* **Problem requirements**:
The task calls for the lines below from the line with "Phyllagathis sp. from" to the line with "the mountains are", both ends included, copied exactly, without any pictures.

* **The data**:
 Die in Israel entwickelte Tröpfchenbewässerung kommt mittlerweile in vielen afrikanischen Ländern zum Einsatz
* * *
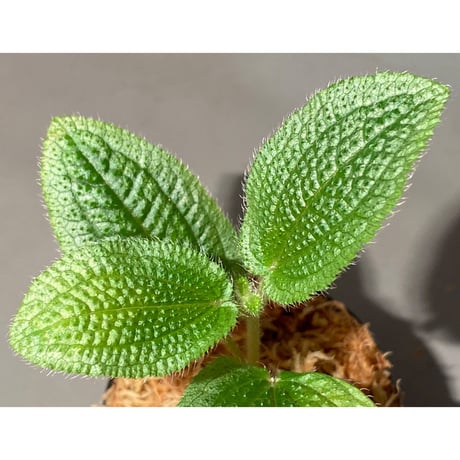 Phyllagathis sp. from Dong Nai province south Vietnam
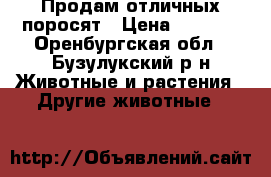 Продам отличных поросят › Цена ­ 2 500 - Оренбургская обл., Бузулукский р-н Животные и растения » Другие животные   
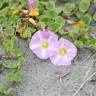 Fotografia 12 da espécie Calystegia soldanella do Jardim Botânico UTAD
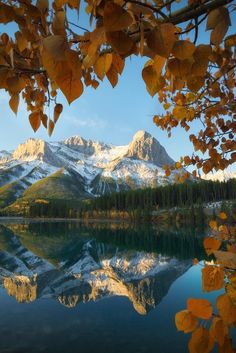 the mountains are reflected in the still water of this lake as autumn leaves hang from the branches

* **Reply**:
 Phyllagathis sp. from Dong Nai province south Vietnam
 Продам отличных поросят › Цена ­ 2 500 - Оренбургская обл., Бузулукский р-н Животные и растения » Другие животные   
 Fotografia 12 da espécie Calystegia soldanella do Jardim Botânico UTAD
 the mountains are reflected in the still water of this lake as autumn leaves hang from the branches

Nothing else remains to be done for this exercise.